Activated carbon-supported TiO(2) nanoparticles, termed integrated photocatalytic adsorbents (IPCAs), were prepared using an ultrasonic impregnation technique and investigated for the photocatalytic degradation of amoxicillin (AMO), a β-lactam antibiotic. The IPCAs had high adsorption affinity for AMO with the amount adsorbed proportional to the TiO(2) loading and the highest adsorption was at 10 wt% TiO(2) loading. A pseudo-second-order model was found to fit the experimental data and consistently predicted the amount of AMO adsorbed over the adsorption period. Equilibrium isotherm studies showed that the adsorption followed the Redlich-Peterson model with maximum adsorption capacity of 441.3 mg g(-1) for 10% IPCA, 23% higher than the pure activated carbon (AC).

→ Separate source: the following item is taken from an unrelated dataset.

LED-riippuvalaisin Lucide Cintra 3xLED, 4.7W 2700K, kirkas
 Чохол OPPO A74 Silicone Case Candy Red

Kinetic studies on the photocatalytic degradation of AMO using non-linear regression analysis suggest that the degradation followed Langmuir-Hinshelwood (L-H) kinetics. The adsorption rate constant (K(ad)) was considerably higher than the photocatalytic rate constant (k(L-H)), indicating that the photocatalysis of AMO is the rate-determining step during the adsorption/photocatalysis process. The 10% IPCA exhibited excellent stability and reusability over four photodegradation cycles.